• _Problem to solve_
Word for word, copy the listing below and leave out its images.

• _Stored data_
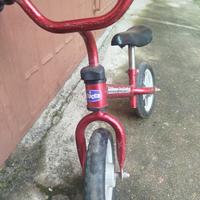bici chicco 2 5 anni chicco
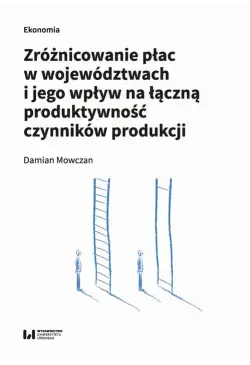 Zróżnicowanie płac w...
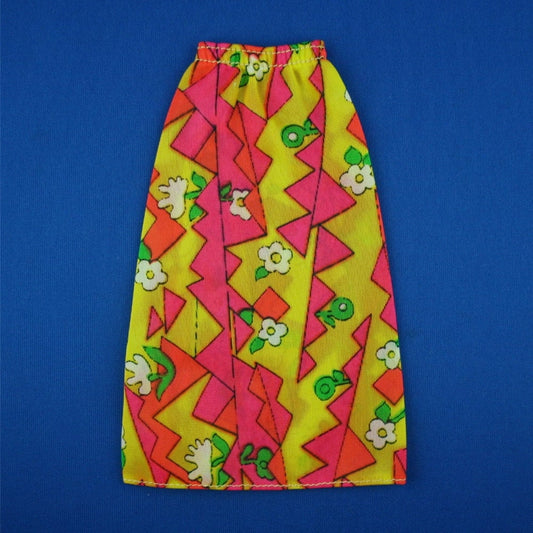 Mattel Barbie MOD Era Best Buy #8683 Skirt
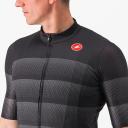 Castelli Livelli Short Sleeve Jersey Yellow M Man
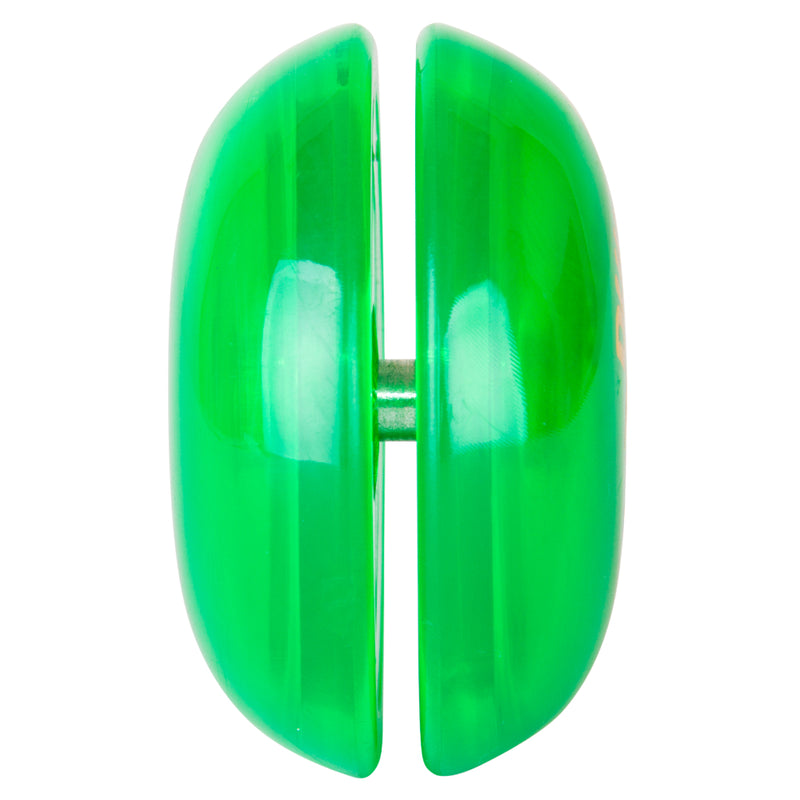 Duncan Yo-Yo Clasico Imperial B Verde - Toysmart_004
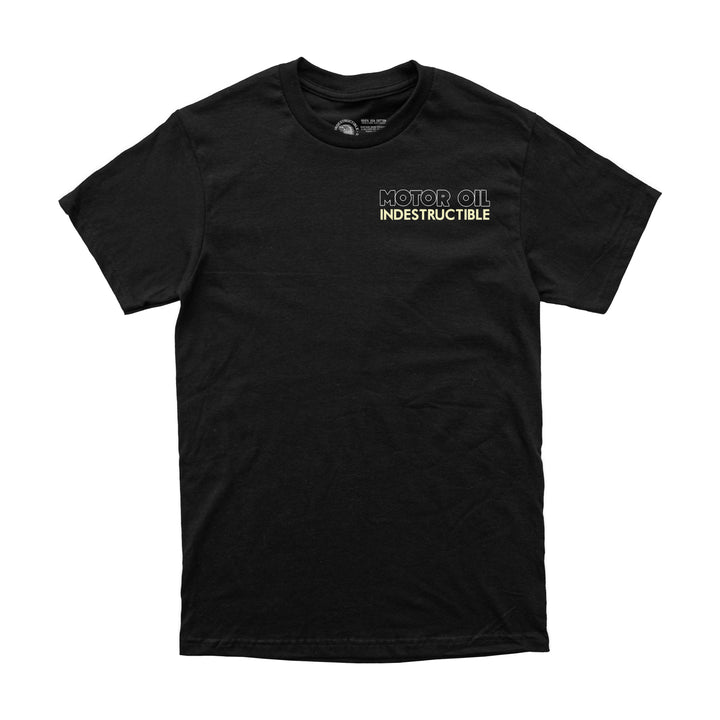 Oswald Tee - Indestructible MFG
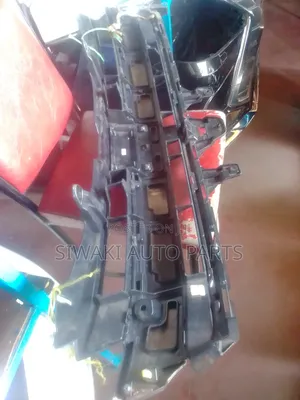 Toyota Noah 2018 Grill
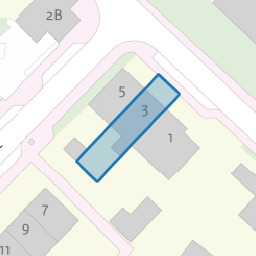 Perceel DBG03-H-1203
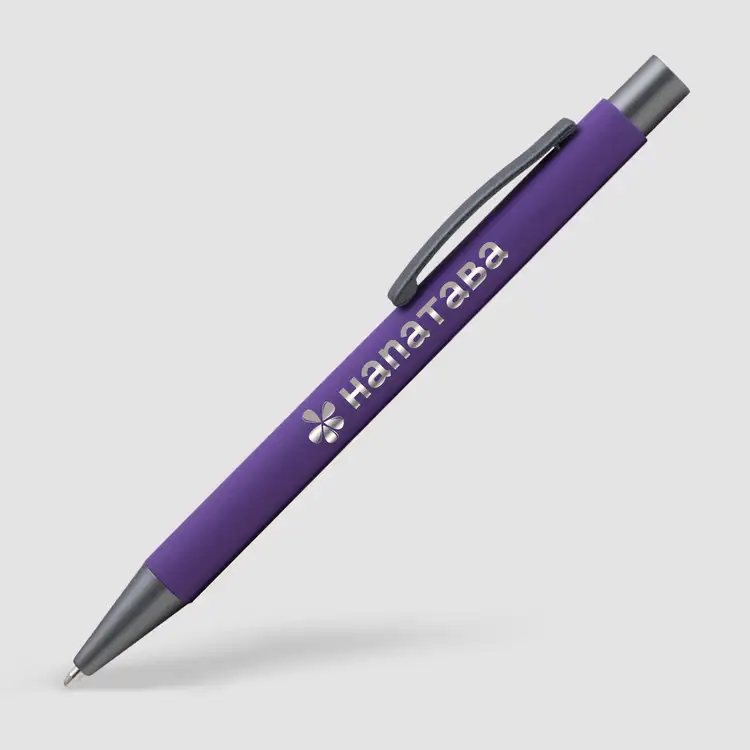 Bowie Aluminum Softy Mirror Engraving Pen #14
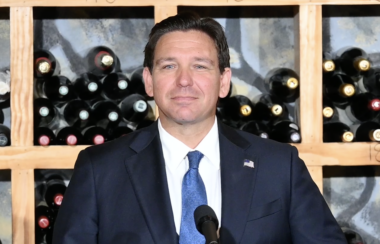 DeSantis Doles out Millions to Take on Hurricanes and Financially Assist Floridians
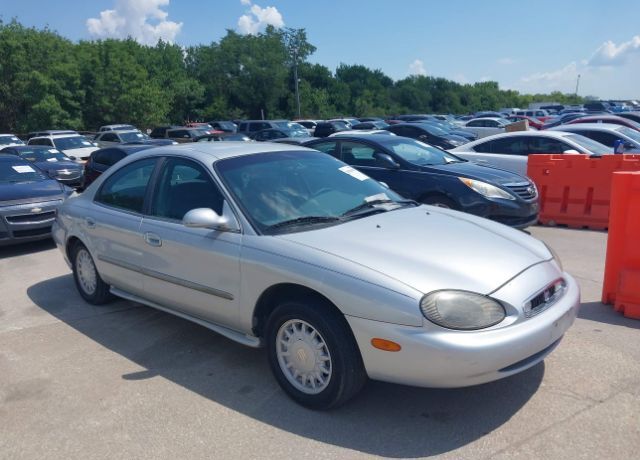 Mercury Sable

• _Answer section_
bici chicco 2 5 anni chicco
 Zróżnicowanie płac w...
 Mattel Barbie MOD Era Best Buy #8683 Skirt
 Castelli Livelli Short Sleeve Jersey Yellow M Man
 Duncan Yo-Yo Clasico Imperial B Verde - Toysmart_004
 Oswald Tee - Indestructible MFG
 Toyota Noah 2018 Grill
 Perceel DBG03-H-1203
 Bowie Aluminum Softy Mirror Engraving Pen #14
 DeSantis Doles out Millions to Take on Hurricanes and Financially Assist Floridians
 Mercury Sable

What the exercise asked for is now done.